JayYip / m3tl

BERT for Multitask Learning
https://jayyip.github.io/m3tl/
Apache License 2.0
545 stars 125 forks source link

How to prepare two sequences as input for bert-multitask-learning? #33

Open rudra0713 opened 4 years ago

rudra0713 commented 4 years ago

Hi, I have a dataset that involves 2 sequences and the task is classifying the sequence pair. I am not sure how to prepare the input in this case. So far, I have been working with only one sequence where I used the following format:

["Everyone", "should", "be", "happy", "."] How do I extend this for 2 sequences? Do I have to insert a "SEP" token myself?

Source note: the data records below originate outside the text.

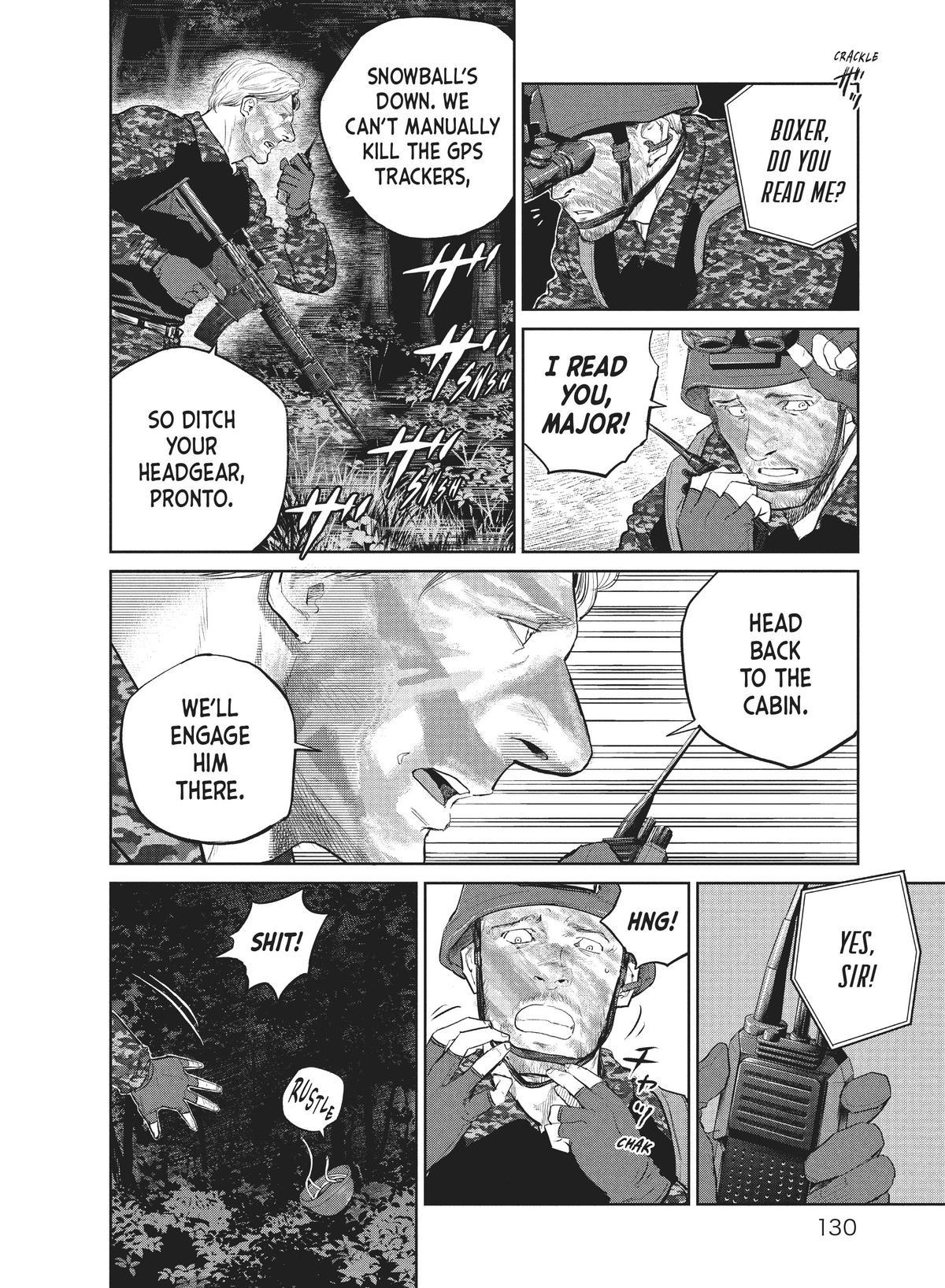 Darwin Jihen Chap 16 - Next Chap 17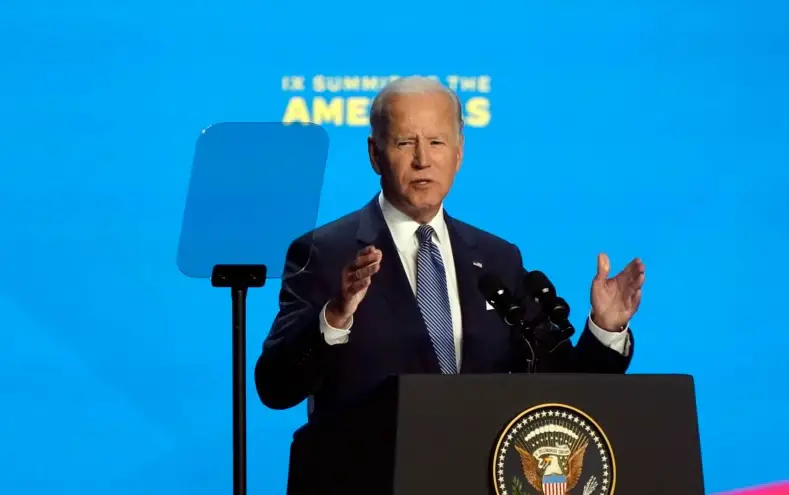 biden at summit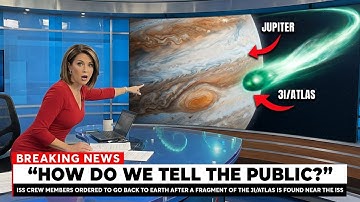 3I/ATLAS Executes "Precision Parking" Maneuver at Jupiter - Scientists Are STUNNED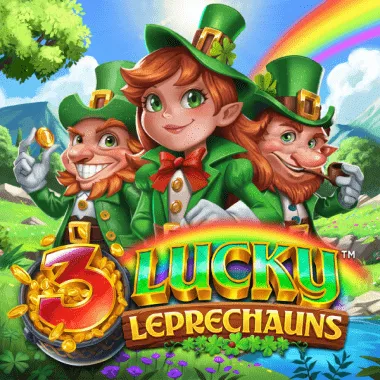 3 Lucky Leprechauns game tile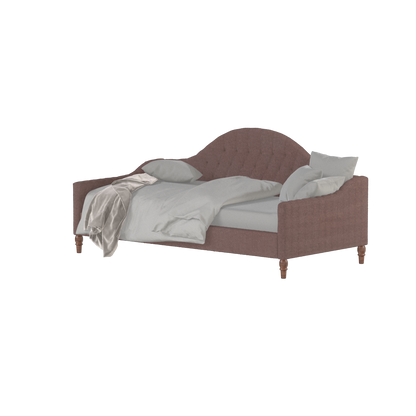 Elise Daybed with Elegant Curves and Versatile Comfort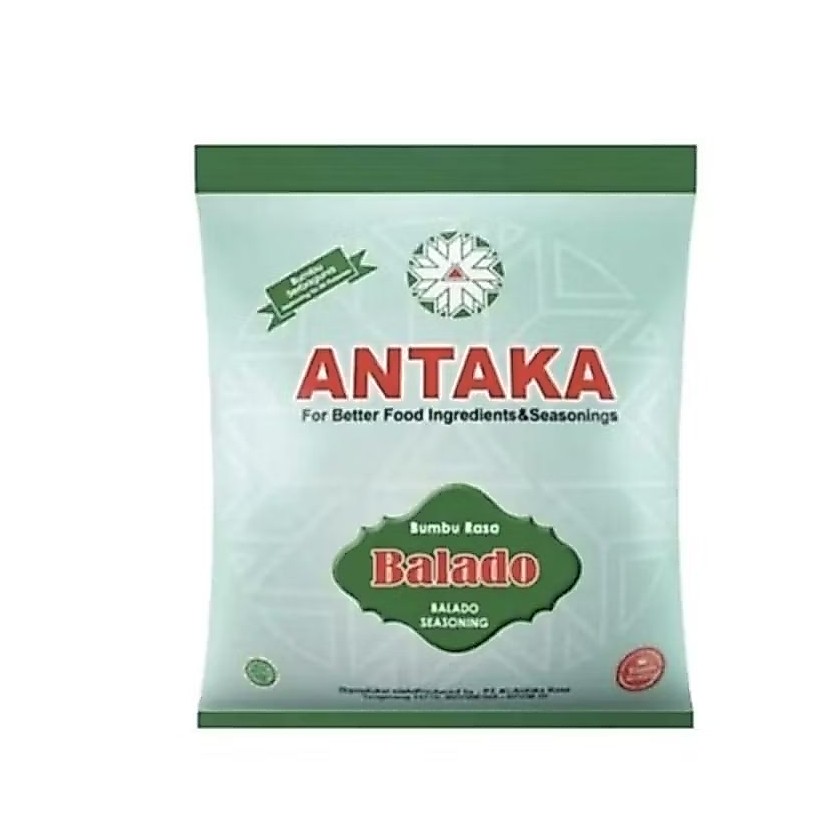 Antaka  Bumbu Tabur Antaka Serbaguna dengan Rasa Gurih Pedas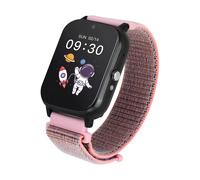 Smartwatch Garett Kids Tech 4G rosa velcro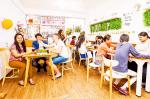 【トンロー駅前カフェ】で気楽な格安タイ語会話レッスン♪に関する画像です。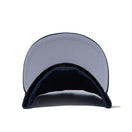 59FIFTY 5lack マルチロゴ ネイビー グレーアンダーバイザー - 12863262-700| NEW ERA ニューエラ公式オンラインストア
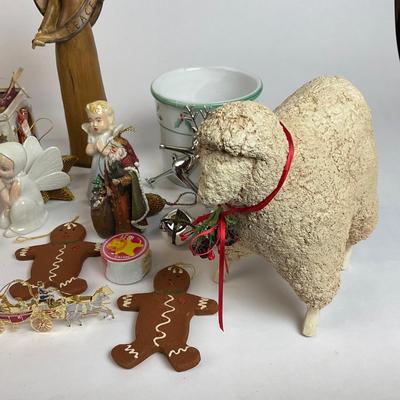 Z716 Gingerbread Christmas Holiday Decor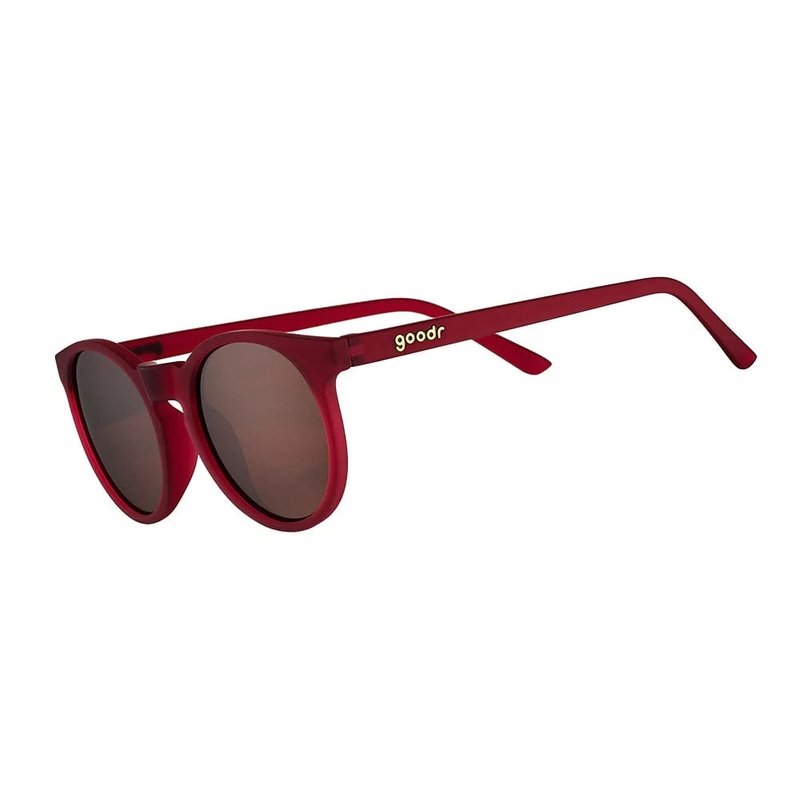 Goodr “I’m Wearing Burgundy?” Polarized Sunglasses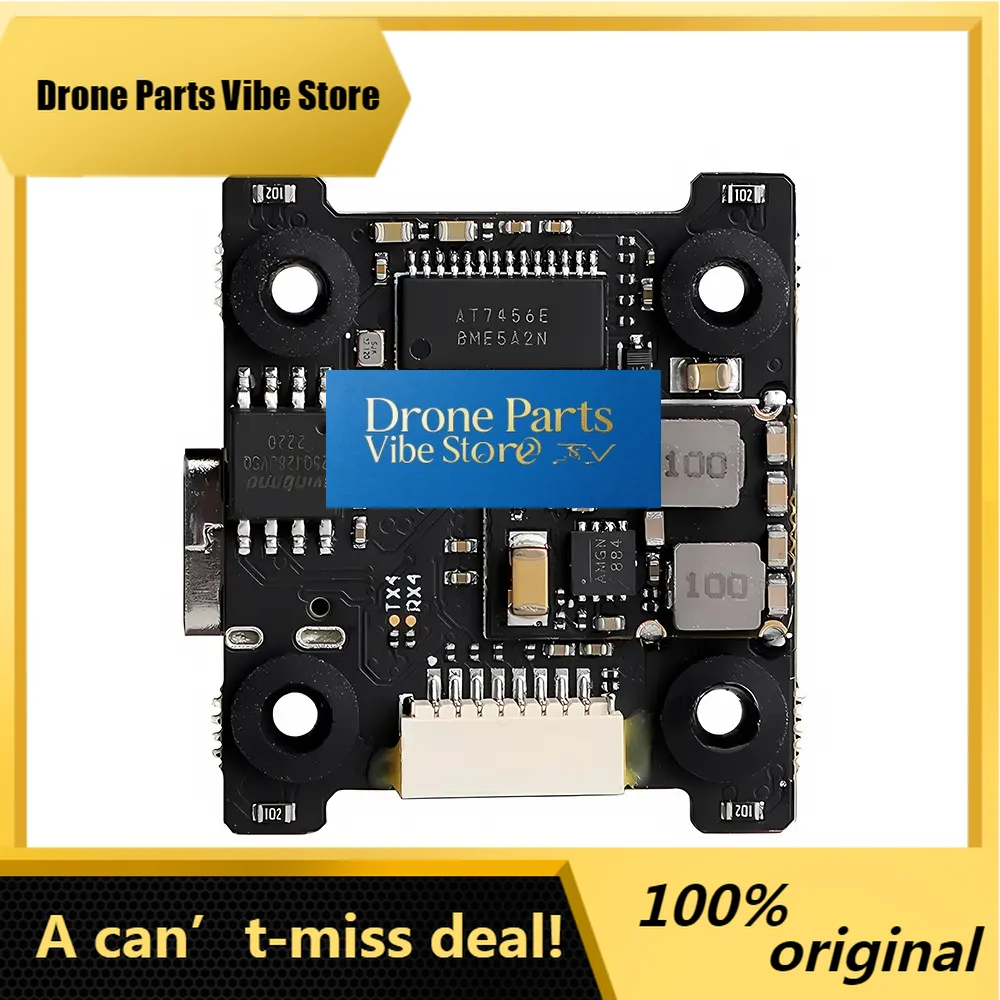 

Drone PartsT-HOBBY H7 MINI FC DUAL BEC Multifunctional Freestyle Cinematic Flight Controller For RC FPV Racing Freestyle Drones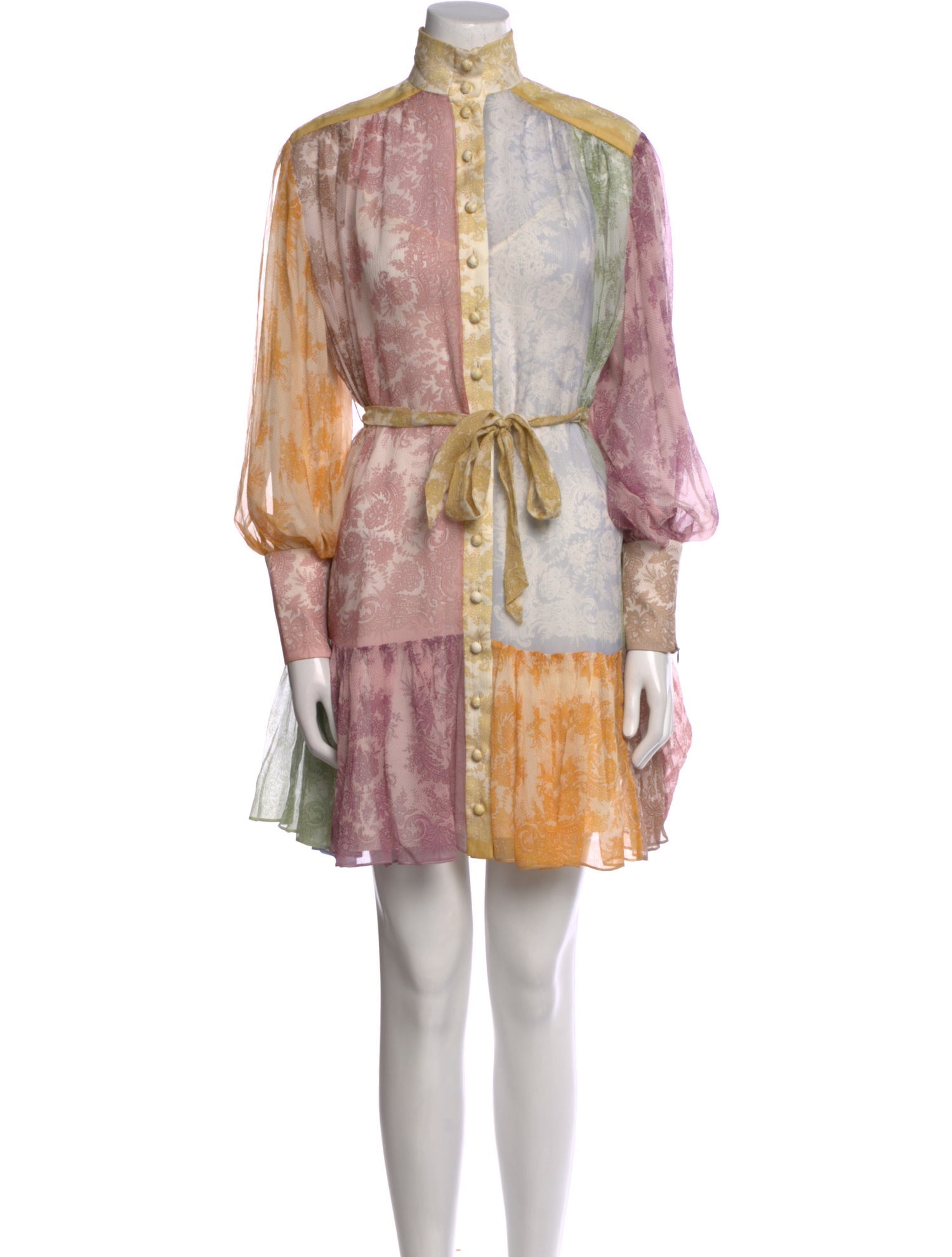 Zimmermann Silk Mini Dress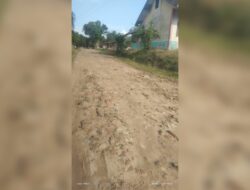 Warga Tanjung Alam Keluhkan Jalan Rusak 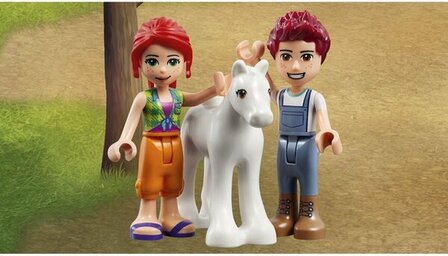 Lego  Friends 41696 Pony-Washing Stable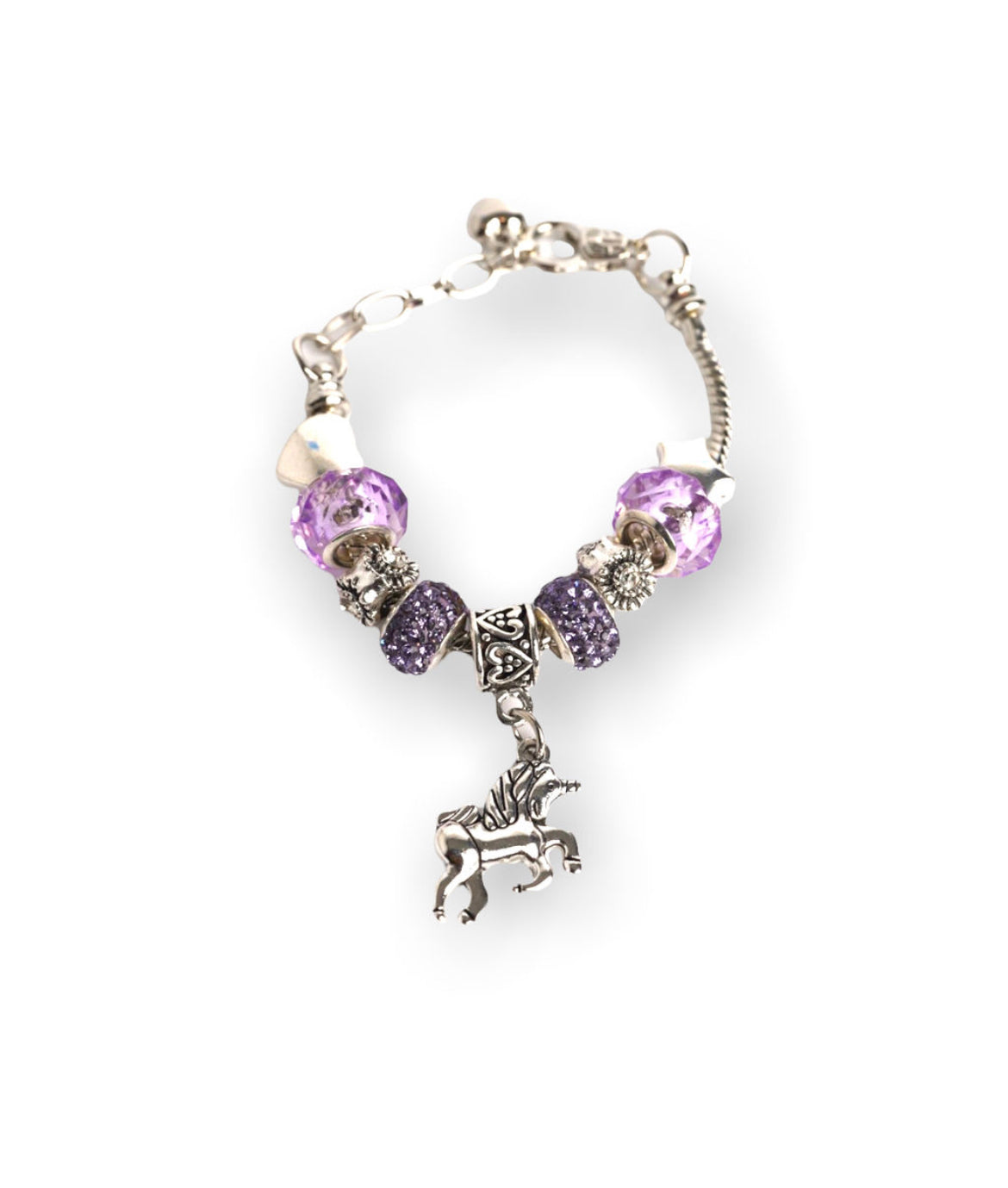 Unicorn Charm Bracelet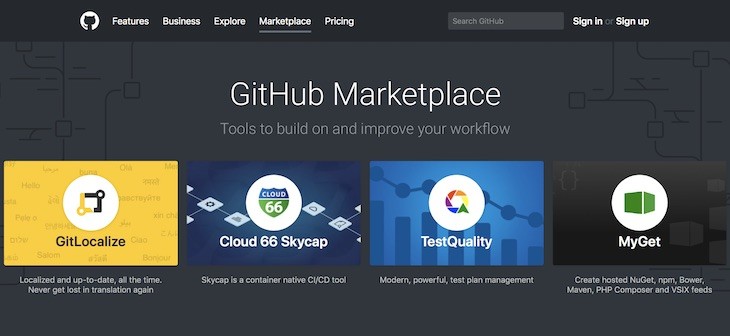 GitHub Marketplace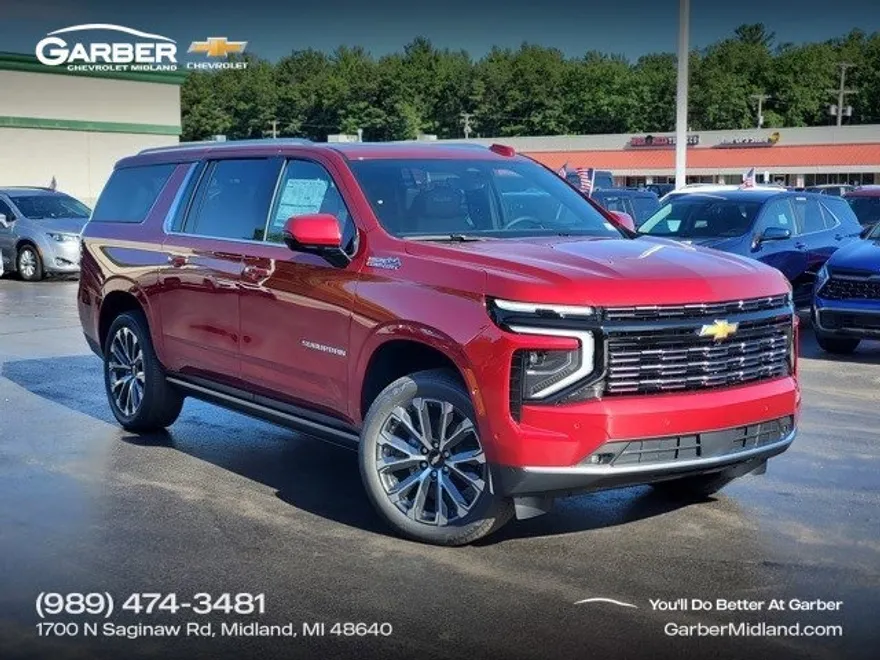 2025 Chevrolet Suburban High Country photo 1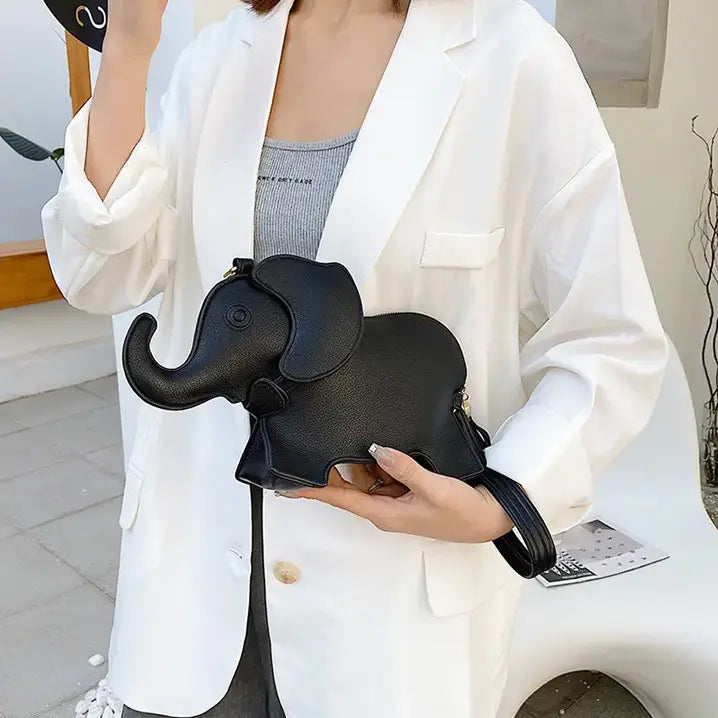 Elly | Mini Elephant Bag - By Qivii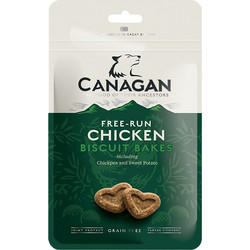 Canagan Dog Free Run Chicken Biscuit Bakes 150gr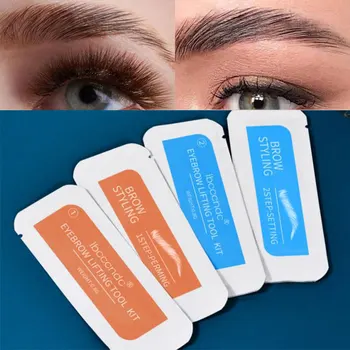 Fashion Brow Lamination Kit Safe Brow Lift Eyebrow Lifting Protable Travel Kit Eyebrow Professional Beauty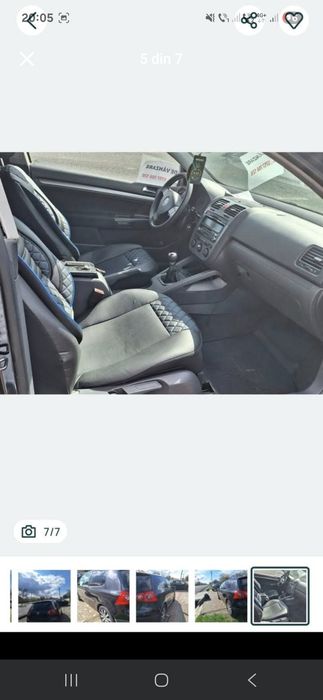 VOLKSWAGEN Golf 2006 — imagine 4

JayYip commented 4 years ago

Now you reminded me... Sorry, it's not implemented.

https://github.com/JayYip/bert-multitask-learning/blob/9fe97739194f801e539efbadbaaf97a9c945eaaa/bert_multitask_learning/create_generators.py#L47

JayYip commented 4 years ago

Sorry, I misread your question. You can prepare something like:

@preprocessing_fn
def proc_fn(params, mode):
    return [{'a': ["Everyone", "should", "be", "happy", "."], 'b': ["you're", "right"]}], ['true']
rudra0713 commented 4 years ago

I prepared two sequences following your format, Here's an example: {'a': ['Everyone', 'should', 'not', 'be', 'happy', '.'], 'b': ["you're", 'right']} After printring tokens in add_special_tokens_with_seqs function in utils.py, I got this, tokens -> ['[CLS]', 'a', 'b', '[SEP]'] I was expecting 'a' and 'b' to be replaced by the original sequences. Is this okay? For a single sequence task, when I printed tokens, I got the desired output, tokens -> ['[CLS]', 'marriage', 'came', 'from', 'religion', '.', '[SEP]']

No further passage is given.